At the larger spatial scale of the whole northern portion of our study area considered together, top models included elevation and temperature (minimum and maximum temperatures) (Table 4). These results are consistent with the demography and life history of Tasmanian devils. That is, large-scale movements that lead to gene flow result almost exclusively from post-natal dispersal by juveniles (Lachish et al. 2011). Juveniles leave their den within weeks of weaning at 9 months of age and travel for 6–8 months before establishing an adult home breeding range. Dispersal decisions are likely influenced by suitable vegetation communities that support adequate prey; thus devils avoid dense, wet vegetation at altitude.
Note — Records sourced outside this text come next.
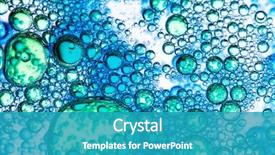  Presentation with cell biology - Colorful slide set enhanced with cells background backdrop and a teal colored foreground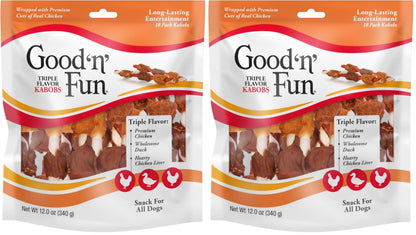 HOTGood 'n' Fun Kabobs Long-Lasting Dog Treat, With Real Proteins, Beef Hide and Premium Chicken, Supports Dental Health, Mental Stimulation, 18 count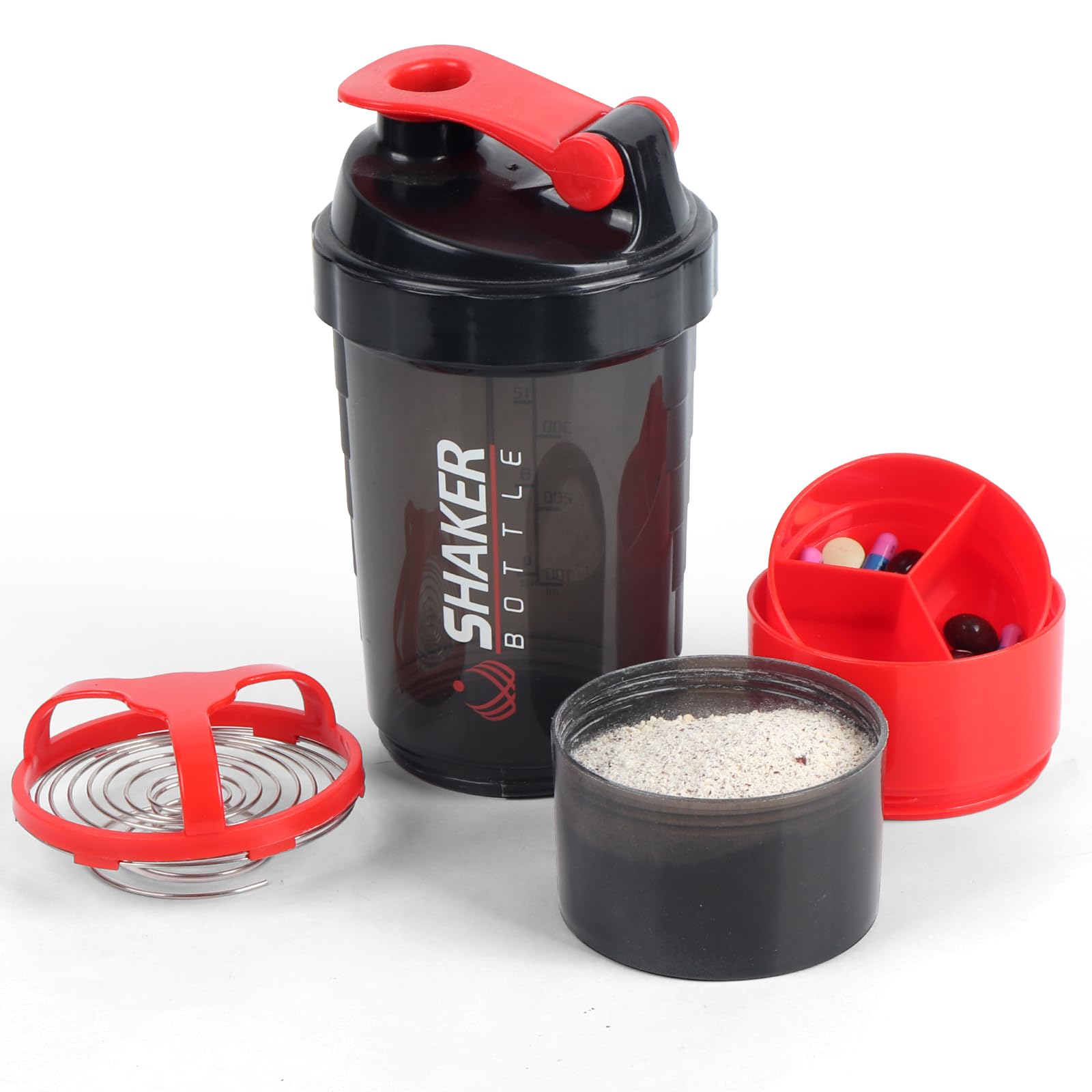 Stayfit 3-Pack Protein Shaker Bottles - 24 Oz Leak-Proof, BPA Free, With Mixing Ball - Perfect For Gym, Preworkout & More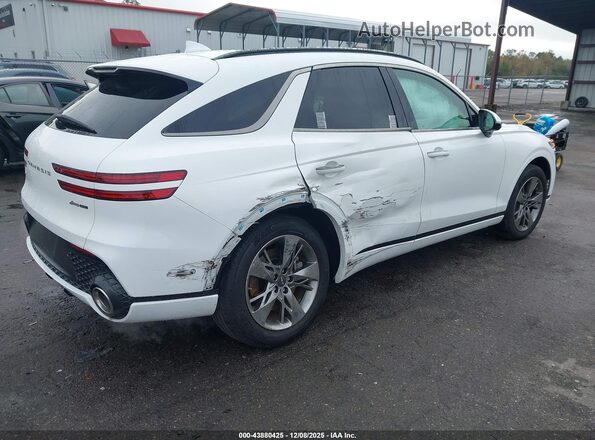 KMUMCDTC9NU012621 2022 GENESIS GV70 White უკანა მარჯვენა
Differences in effects of landscape variables and fine and broad spatial scales in our study suggest that analyses at different spatial scales may yield important insights into more localized effects of landscape variables on gene flow, as well as more generalized effects at larger spatial extents.

Overall, however, landscape genetic models only explained a small proportion of variation in gene flow (Table 4). These results suggest that unmeasured environmental variables could be responsible for genetic structuring in Tasmanian devils. While we included available environmental variables expected to affect devil gene flow based on previous mark-recapture and radiocollaring studies in our landscape genetic models, variables that proximately affect devil abundance and dispersal decisions, such as prey availability, are difficult to measure and are not available in GIS layers.

Given the large spatial extent of observed spatial autocorrelation throughout the study area, however, it is also quite possible that most landscape variables have little effect on devil dispersal and gene flow. That is, Tasmanian devils generally disperse large distances, and at the spatial scale of our study area, there is limited influence of landscape processes on devil gene flow. Generally parameter values were low, even for top models in the NE, and landscape variables in the NW area did not explain spatial genetic variation any better than straight line Euclidean distance alone.

Inferring propensity for disease spread

Estimations of host genetic structure can potentially be used as a coarse proxy for estimating disease spread in cases when diseases are directly transmitted (Biek and Real 2010). This may be particularly the case for DFTD, which cannot live outside an individual host and is transmitted via biting during social contact (Hamede et al. 2013). In the case of Tasmanian devils, given that we found weak genetic structure overall and positive spatial genetic autocorrelation exceeding 40 km, DFTD spread throughout the northwestern disease-free region is likely inevitable. On a more positive note, however, we found a high degree of population subdivision between Macquarie Harbor and the precipitous ravines and dense wet rainforests of the lower Gordon river system, which should slow or impede the spread of DFTD to devils in this southwestern region. Risk of DFTD arriving in the southwest region of our study area from more eastern populations remains low, as devils are quite sparsely distributed for at least 100 km to the east of this part of our study area (see Fig. 1, dashed outline). Although DFTD has caused localized declines exceeding 90% in many localities, recent evidence suggests that Tasmanian devils may be evolving resistance to DFTD insomuch as some long-term diseased populations are increasing in size and some individuals are showing signs of recovering from infection (Epstein et al. 2016; Pye et al. 2016).